■ ACTIVITY: Transcribe the records below exactly, leaving out any pictures.

■ ■ ■ ■

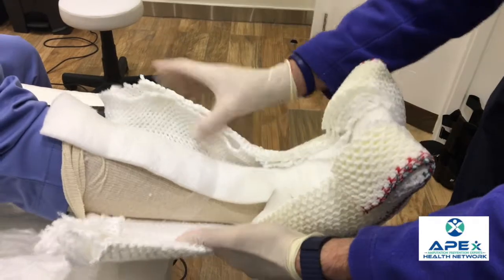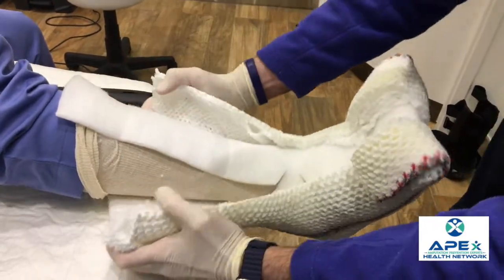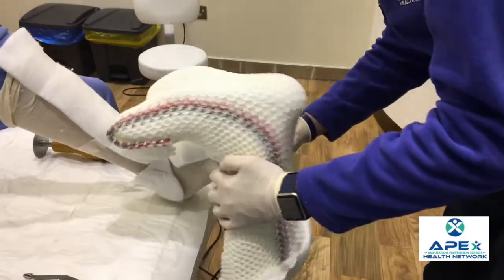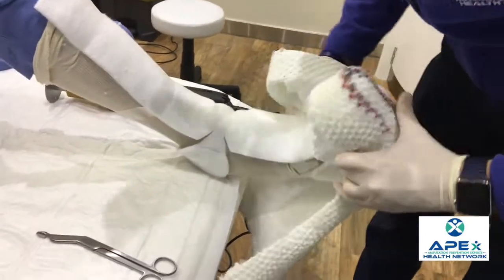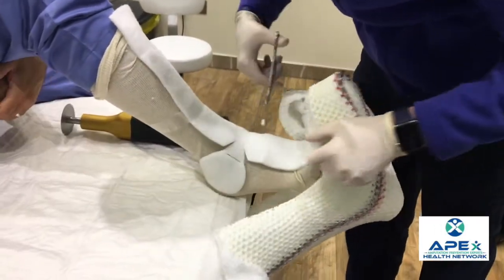What I usually do is spread this with my hands. I'll have the patient lift their leg — you may need some help from somebody else. You just need to get the heel out first, and once the heel is out, you can turn the cast this way. You may still have some padding or tape stuck on here, and once the cast is off, you can cut through the rest of it.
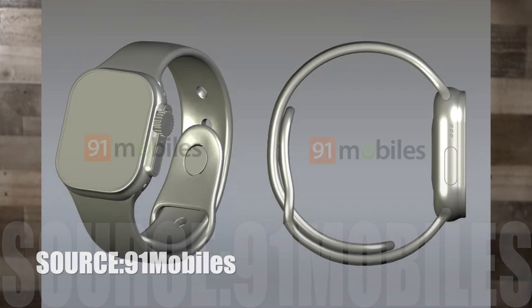We also have images here thanks to 91 Mobile. On the first image, you can see the digital crown and button as per usual, and they do look like they're sticking out a little bit further. Also, you can see that the screen is sticking out as well — it's not all flush like the normal Apple Watches we have. So that is definitely different.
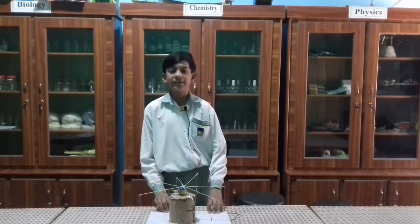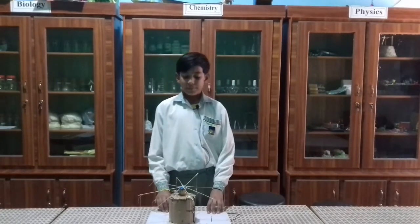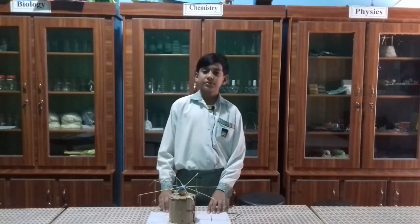My name is Ubecha. I did in class in school. I made a model of electronic swing.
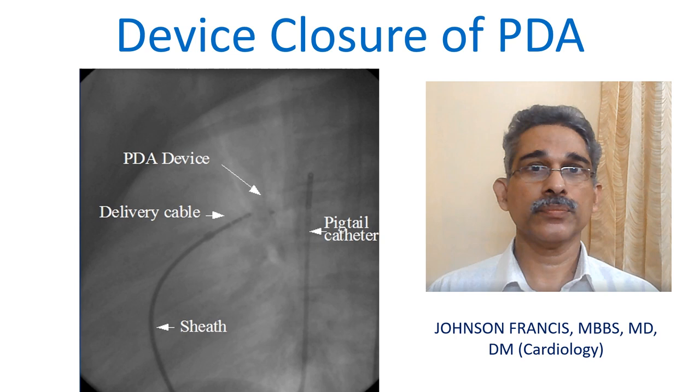Device closure of the patent ductus arteriosus can be approached both from the arterial side and the venous side. Several variations of the method exist in literature. One method which was followed by us is described here.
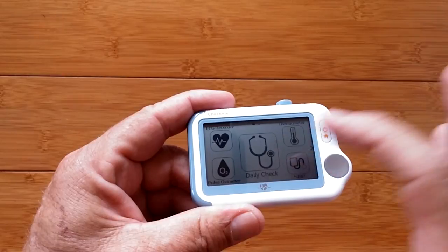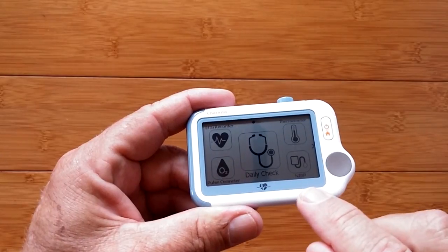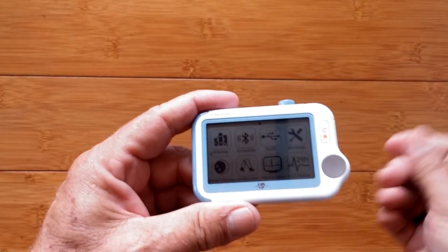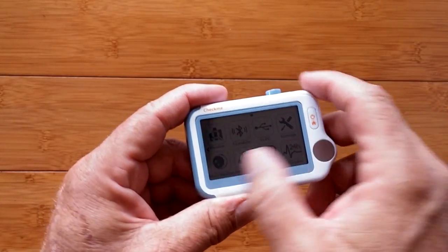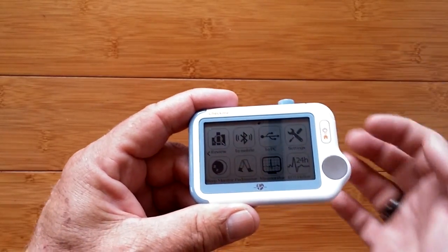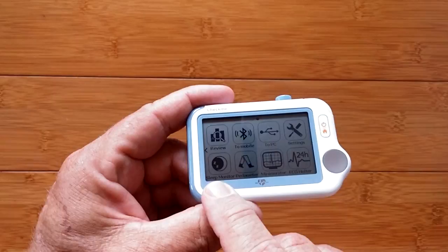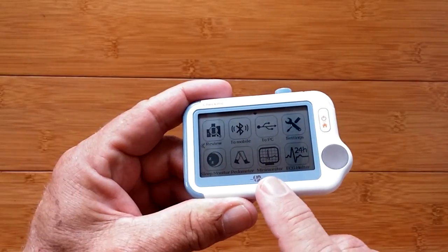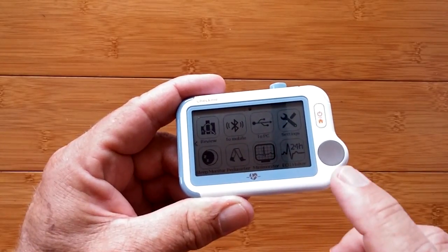On the main page you've got ECG, blood oxygen, thermometer, blood pressure, and NIBP — non-invasive blood pressure reading — if you hook up the cuff. Page two includes reviewing your data, Bluetooth connection to mobile, wired connection to PC, overall settings, sleep monitoring for all night, a built-in pedometer, a mini monitor capability, and a 24-hour ECG capability in holster mode.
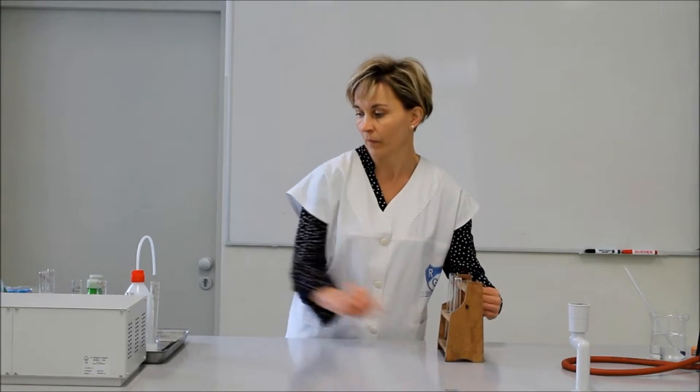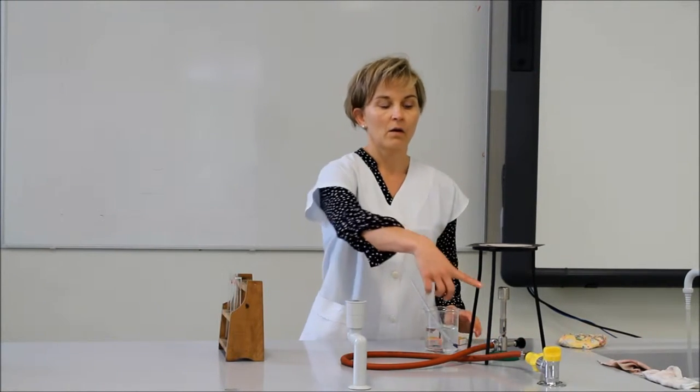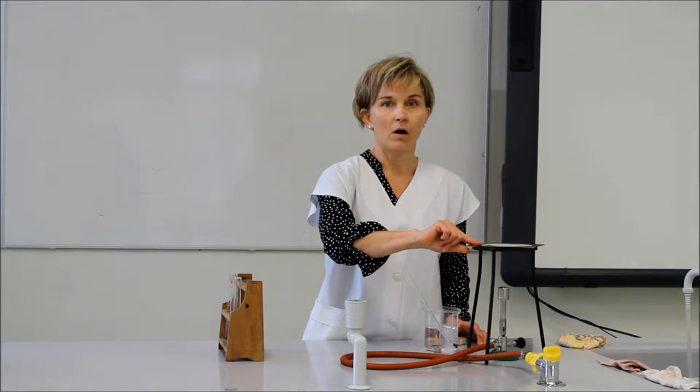Az eszközeink: kémcsőtartóállvány kémcsövekkel, csipesz, szike, két mérőhenger – 25 köbcentiméteres, illetve 10 köbcentiméteres térfogat mérésre alkalmas – a vízfürdő előállításához szükséges eszközeink: bunzenégő, gyufa, vaslábháló, aszbeszt drótháló, nagyméretű főzőpohár, benne víz, illetve hőmérő.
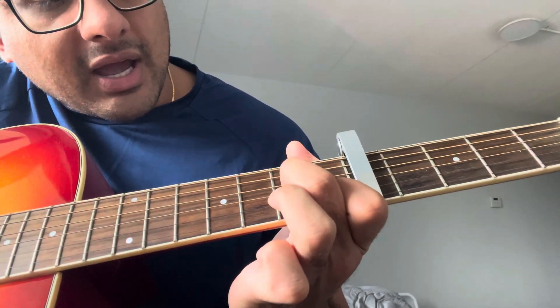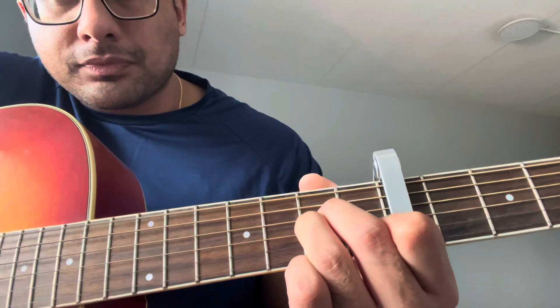So the way you play each chord: A minor — index finger is going to go on the fifth string at the first fret, and then your ring and middle fingers are going to go on the third and fourth strings of the second fret. That's A minor. From there you go to F sharp major — bar that first fret, middle finger on the fourth string of the second fret, and then your ring and pinky fingers on the second and third strings of the third fret. That's F sharp major. From there you go to D minor — index finger on the sixth string of the first fret, middle finger on the fourth string of the second fret, and ring finger on the fifth string of the third fret. That's D minor.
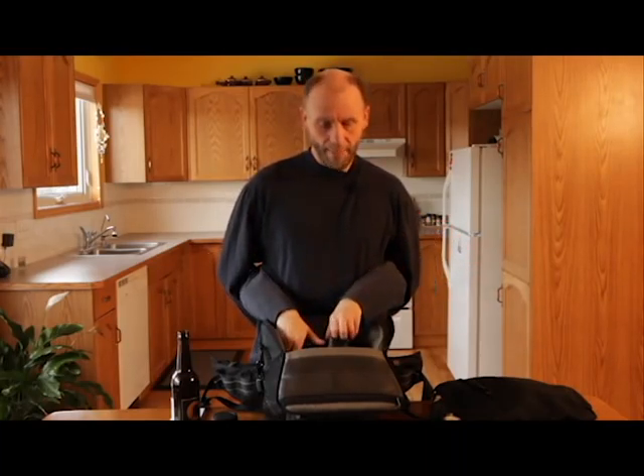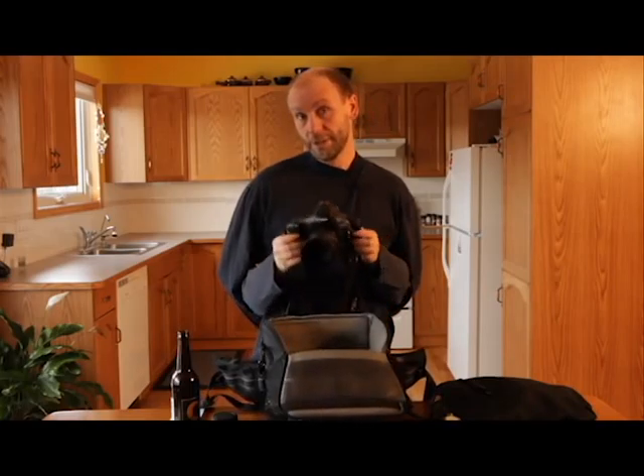Our beer kit only has one thing in it: a camera. You need a camera to take pictures, and the camera has a 50mm lens on it. We love a 50mm lens because you can use it in low light, and we used all window light for our beer pictures. That's it!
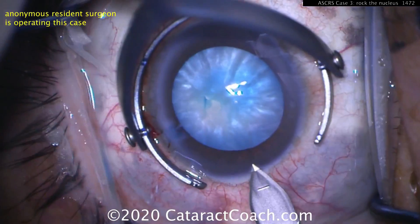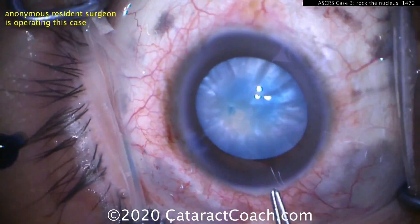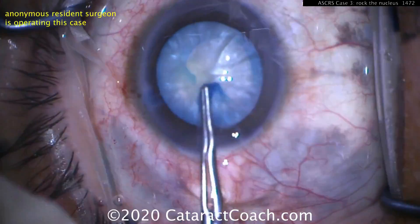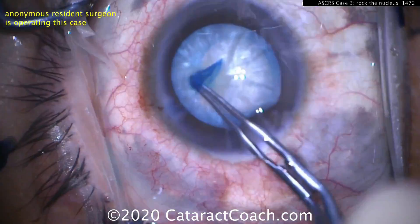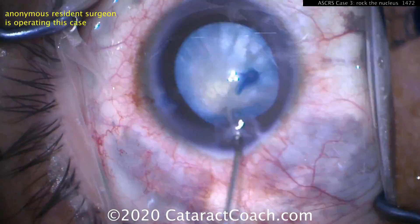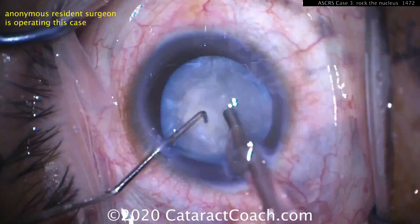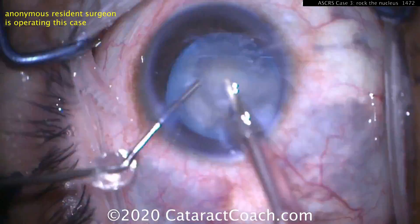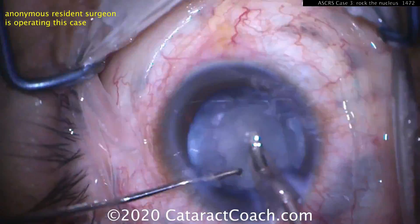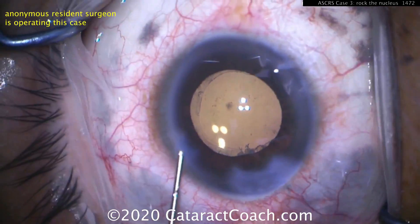Now you can see this resident will do a nice job making an incision, and the rhexis can be completed with a lot of control because the capsular bag is completely depressurized. At this point, the rest of the case is pretty normal. You've got good technologies, good tools, and good ideas for techniques on how to do these types of cataracts. This resident is doing a beautiful job with that phaco chop, which is going to be another one of our videos you can learn as well. Keep these tricks in mind for rocking the nucleus when you have an intumescent white cataract.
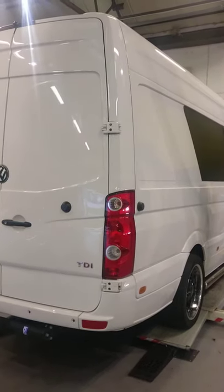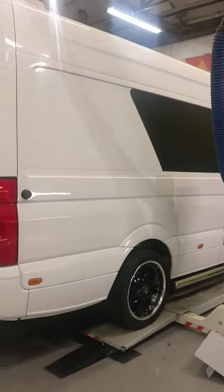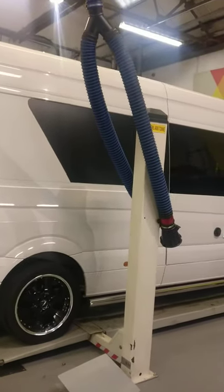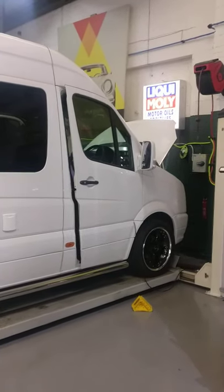From Remap and Revive, here back again with a regular customer. They've just changed vans and we are here to remap this VW Crafter 2.0-litre diesel. Currently 143 brake horsepower and we're going to add 55 brake horsepower and 75 Nm of torque.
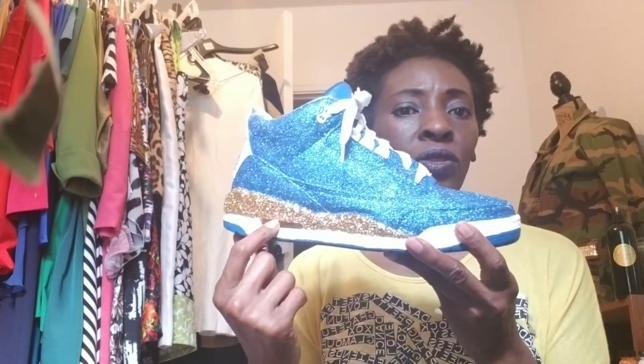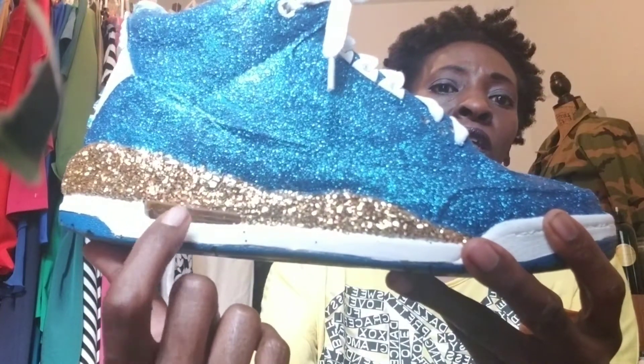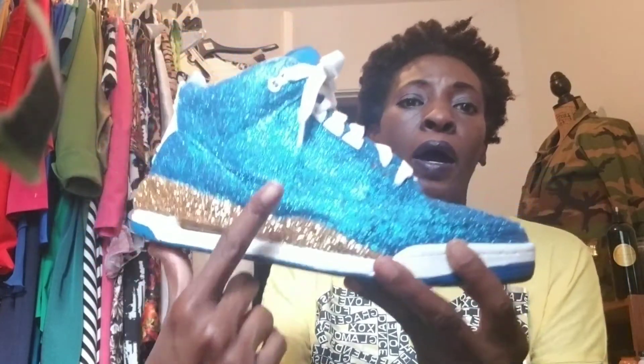I think it's pretty good for my first time ever doing it. The only thing I would change is the glitter — this glitter is not the extra fine glitter, but I was using what I had. You work with what you got. I'm happy with the way it turned out — you guys let me know what you think.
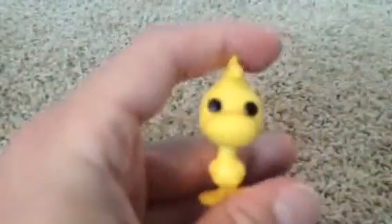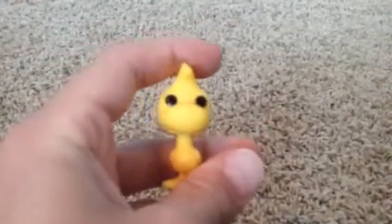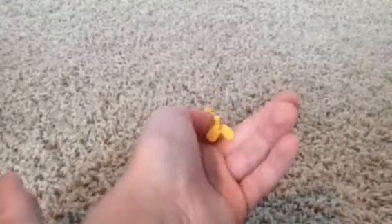There he is right there. I'm trying to zoom in. I guess he's too close up. That's what he looks like. So thank you for watching everyone. Goodbye.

■ ■ ■ ■

■ RESPONSE TO THE EXERCISE:
What I usually do is spread this with my hands. I'll have the patient lift their leg — you may need some help from somebody else. You just need to get the heel out first, and once the heel is out, you can turn the cast this way. You may still have some padding or tape stuck on here, and once the cast is off, you can cut through the rest of it.
We also have images here thanks to 91 Mobile. On the first image, you can see the digital crown and button as per usual, and they do look like they're sticking out a little bit further. Also, you can see that the screen is sticking out as well — it's not all flush like the normal Apple Watches we have. So that is definitely different.
My name is Ubecha. I did in class in school. I made a model of electronic swing.
Device closure of the patent ductus arteriosus can be approached both from the arterial side and the venous side. Several variations of the method exist in literature. One method which was followed by us is described here.
On the main page you've got ECG, blood oxygen, thermometer, blood pressure, and NIBP — non-invasive blood pressure reading — if you hook up the cuff. Page two includes reviewing your data, Bluetooth connection to mobile, wired connection to PC, overall settings, sleep monitoring for all night, a built-in pedometer, a mini monitor capability, and a 24-hour ECG capability in holster mode.
Az eszközeink: kémcsőtartóállvány kémcsövekkel, csipesz, szike, két mérőhenger – 25 köbcentiméteres, illetve 10 köbcentiméteres térfogat mérésre alkalmas – a vízfürdő előállításához szükséges eszközeink: bunzenégő, gyufa, vaslábháló, aszbeszt drótháló, nagyméretű főzőpohár, benne víz, illetve hőmérő.
So the way you play each chord: A minor — index finger is going to go on the fifth string at the first fret, and then your ring and middle fingers are going to go on the third and fourth strings of the second fret. That's A minor. From there you go to F sharp major — bar that first fret, middle finger on the fourth string of the second fret, and then your ring and pinky fingers on the second and third strings of the third fret. That's F sharp major. From there you go to D minor — index finger on the sixth string of the first fret, middle finger on the fourth string of the second fret, and ring finger on the fifth string of the third fret. That's D minor.
Our beer kit only has one thing in it: a camera. You need a camera to take pictures, and the camera has a 50mm lens on it. We love a 50mm lens because you can use it in low light, and we used all window light for our beer pictures. That's it!
Now you can see this resident will do a nice job making an incision, and the rhexis can be completed with a lot of control because the capsular bag is completely depressurized. At this point, the rest of the case is pretty normal. You've got good technologies, good tools, and good ideas for techniques on how to do these types of cataracts. This resident is doing a beautiful job with that phaco chop, which is going to be another one of our videos you can learn as well. Keep these tricks in mind for rocking the nucleus when you have an intumescent white cataract.
From Remap and Revive, here back again with a regular customer. They've just changed vans and we are here to remap this VW Crafter 2.0-litre diesel. Currently 143 brake horsepower and we're going to add 55 brake horsepower and 75 Nm of torque.
I think it's pretty good for my first time ever doing it. The only thing I would change is the glitter — this glitter is not the extra fine glitter, but I was using what I had. You work with what you got. I'm happy with the way it turned out — you guys let me know what you think.
There he is right there. I'm trying to zoom in. I guess he's too close up. That's what he looks like. So thank you for watching everyone. Goodbye.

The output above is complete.